After having launched just over two years ago, Pinterest is increasingly becoming integrated into our social vocabulary. True, the demographic still skews older and female, and the launch might not have been as buzzed about as other social platforms such as Foursquare, but the growth rate and amount of time spent onsite is staggering. By now this isn’t a secret to consumers or brand advertisers, so why aren’t brands effectively leveraging Pinterest or incorporating the platform into their digital marketing strategy? In the 25 months since it’s inception, Pinterest has gone from generating 1% to 17% of social media revenue. This still pales in comparison to Facebook’s 82%, but it dwarfs Twitter’s 1% and if other social platforms have taught us anything, it will likely continue to grow at a rapid rate. This only further begs the question – “Where are all the brands?”
Currently the top brand on Pinterest is Perfect Palette, a wedding blog providing color palette recommendations for brides-to-be. Perfect Palette has almost 250,000 followers while the next brands are a distant second. Real Simple and HGTV have 100,000 and 50,000 brand followers respectively. This is a drop in the bucket when compared to the number of followers the top brands on Facebook had amassed after two years.
Take Procter and Gamble for example. With brands like Tide, Febreze, Pampers and Swiffer clearly targeting women as their core demographic, Pinterest presents the perfect platform through which to promote brand advocacy, grow affinity and inspire purchase. The potential to harness communal value, then using it to generate momentum behind a product is tremendous. Add to that, Facebook and Twitter integration points and you have the ability as a brand advertiser, to maximize impact and exposure across multiple social touchpoints.
Buyers referred from Pinterest are 10% more likely to buy something and spend 10% more on average than visitors who arrive from other social networks. Pinterest takes the best of Facebook and creates a simple amalgamation of social features. Sleek design and nice visuals coupled with brief captions, provide the ideal type of platform to host a variety of indirect advertising rarely used as effectively. To further validate this, a branded pin without price is twice as likely to be shared than the same pin with a price. Right now one of the most liked and re-pinnned items on Pinterest is a bra with iPhone pocket aptly named the Joey Bra. An end user on Pinterest can not only like or repin the bra, but they can also click-through to purchase on the brand’s site.

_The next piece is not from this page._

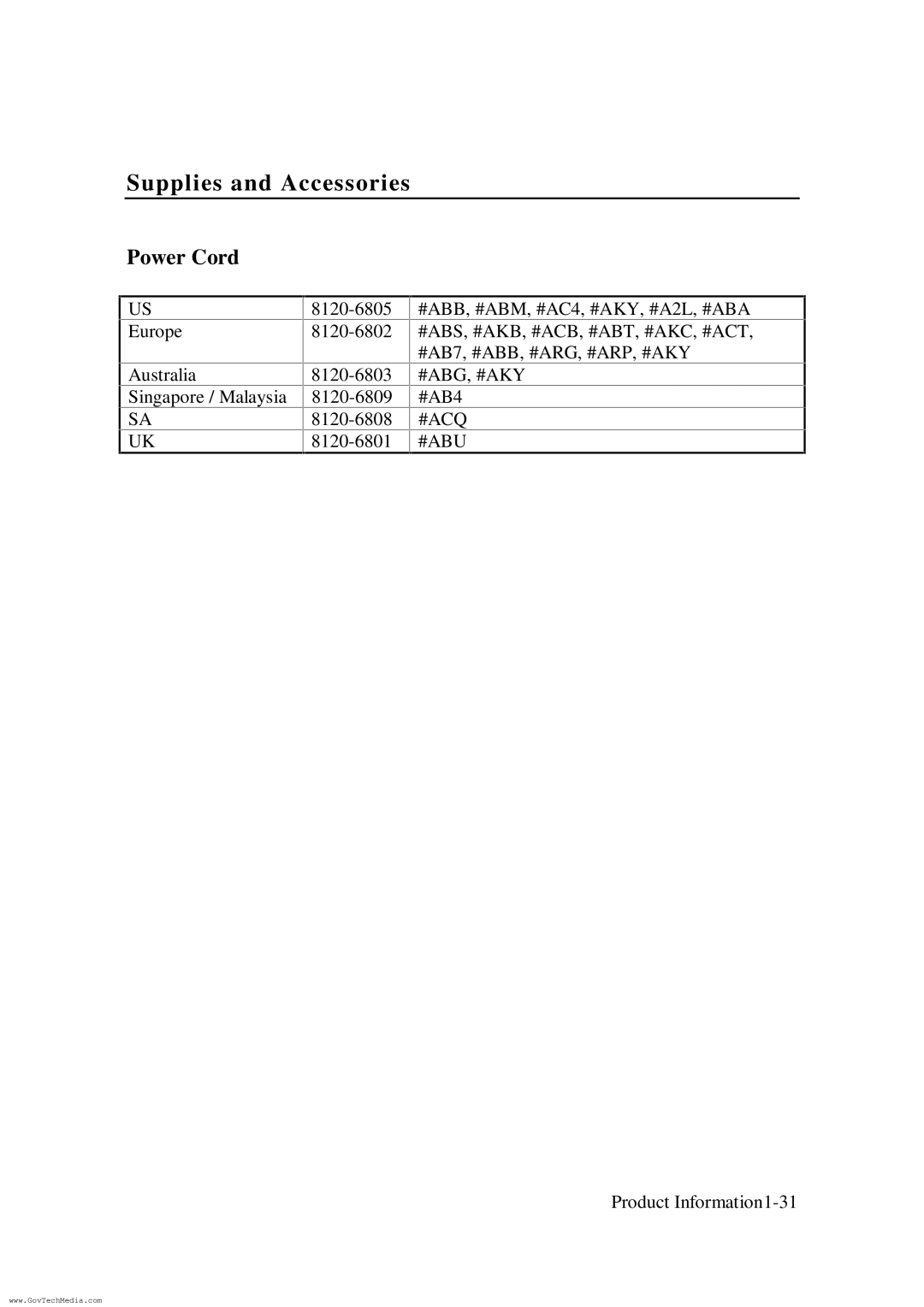 HP ColorPro CAD manual Power Cord 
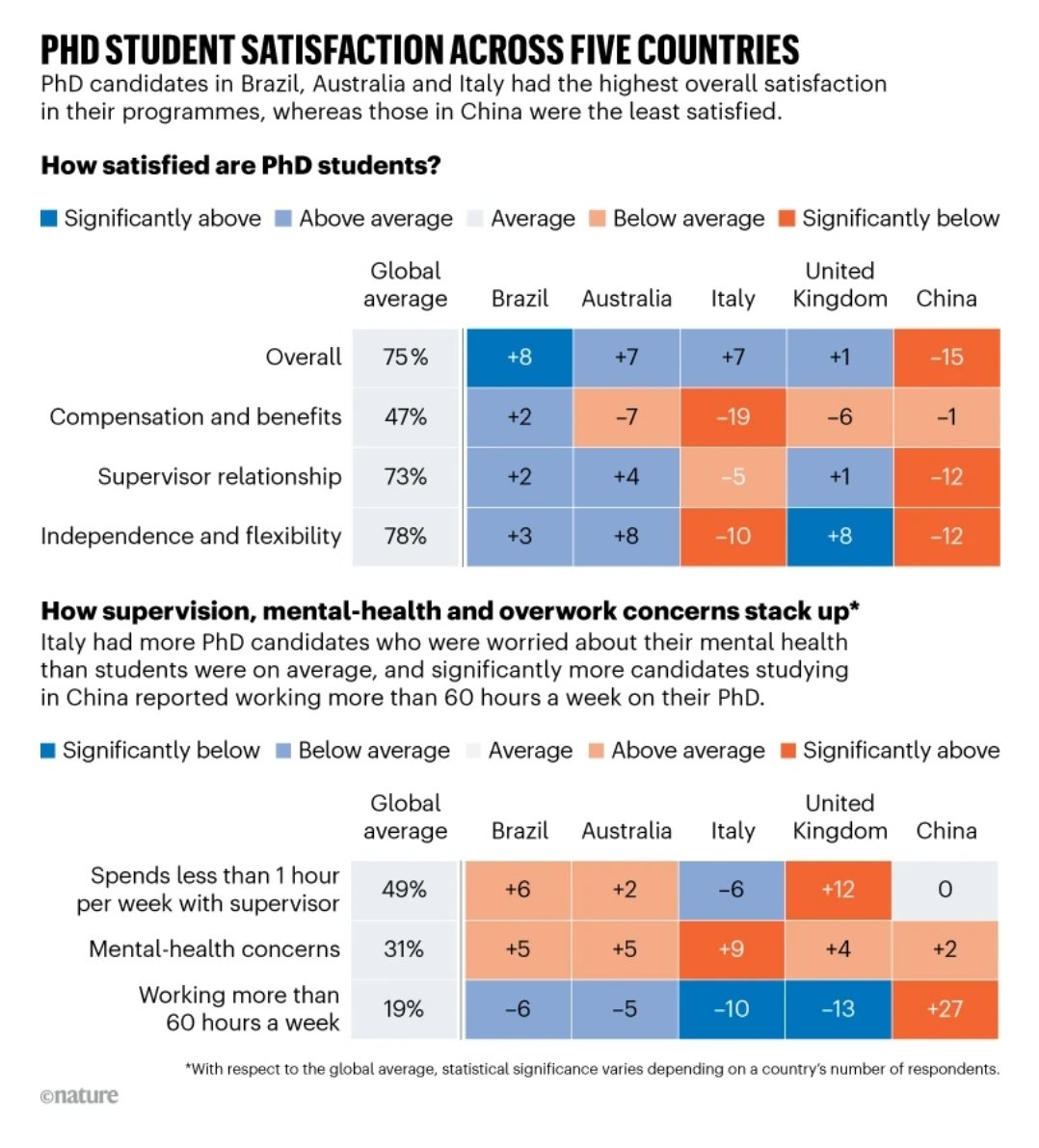 ArindamPhysics's tweet image. This article in @Nature reinforced my long-held belief that when it comes to supervising PhD students, we in India need to deviate from our traditional approach to education and knowledge transfer. Supervising is not teaching. PhD students need to be treated as colleagues and…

It’s only a matter of time before an influx of brands bombard Pinterest, similar to the way they did Facebook. With that in mind, it’s prime time for marketers to capitalize on the lack of clutter. A smart brand would make Pinterest a key component in its social strategy. A highly visual integrated campaign, leveraging the connectivity with Facebook and Twitter to share out content from Pinterest and then link back to it, would be ideal. The way Pinterest lends itself to recommendations and the ease at which those recommendations can be shared while closing the loop to purchase, is an example of the functionality and UI so many other platforms are trying to create or evolve to. That said, at least for now we can appreciate Pinterest for what it is, while at the same time, preparing for what’s to come.